About this task →
Leave out the pictures and output exactly the lines below from the one with "First, I'm going" down to the one with "And my domain", both of them included.

Data records →
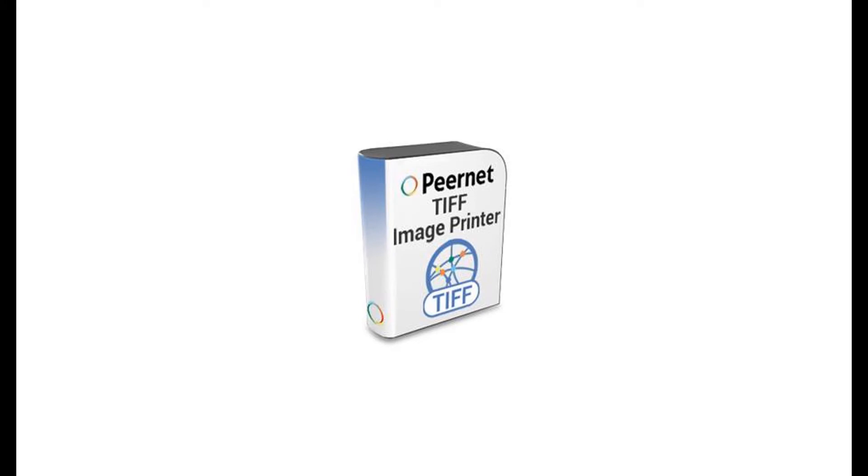Looking to securely share your AutoCAD drawings with clients or colleagues by using a TIFF image that everyone can open? Use Peernet's TIFF Image Printer to convert your drawings to TIFF images in order to safeguard the high quality and security of your drawings.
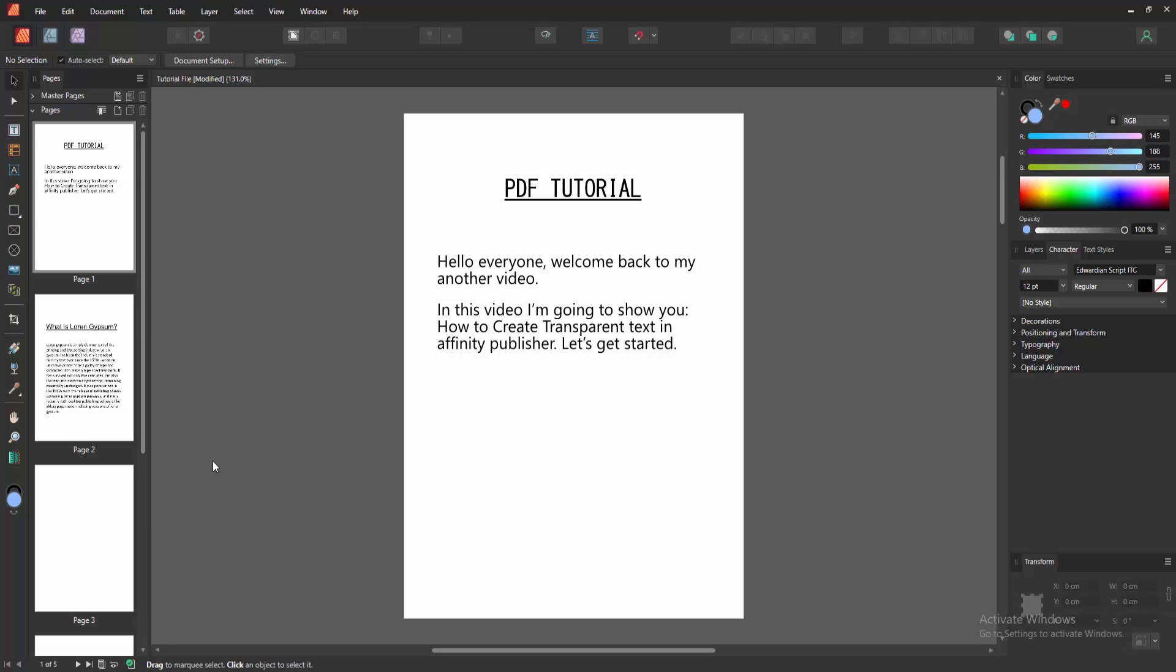Assalamualaikum. Hello friends, how are you? Welcome back to another video.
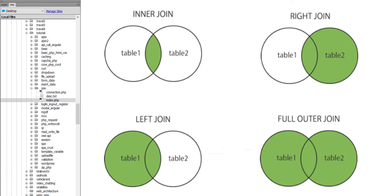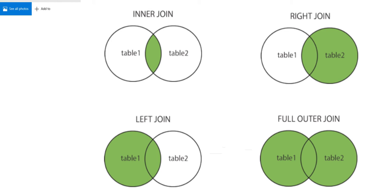First, I'm going to show you inner join. Inner join returns those rows when there is a match in both tables. Suppose two tables, table one and table two - if the ID matches in both tables, we will return that portion, the common portion, the common set of data. Otherwise not.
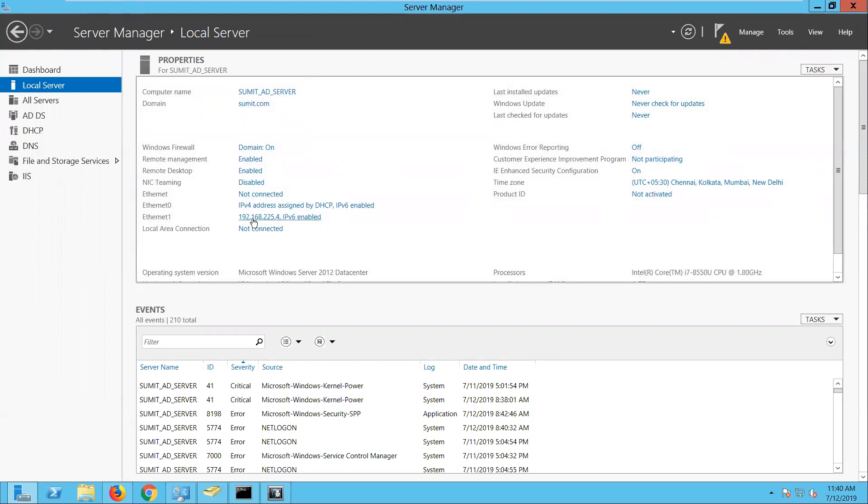And my domain controller is running on 192.182.5.4.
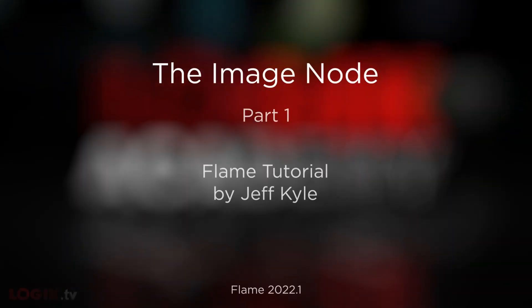Hello again, Flame community. My name is Jeff Kyle, and I'm back here on Logic Academy. Randy and Andy over at Logic.tv are dishing out content left and right, and as it turns out, part of that involves inviting me back with another exciting tutorial.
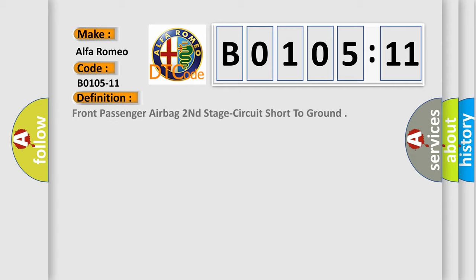Car manufacturers. The basic definition is front passenger airbag second stage circuit short to ground.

Output →
First, I'm going to show you inner join. Inner join returns those rows when there is a match in both tables. Suppose two tables, table one and table two - if the ID matches in both tables, we will return that portion, the common portion, the common set of data. Otherwise not.
And my domain controller is running on 192.182.5.4.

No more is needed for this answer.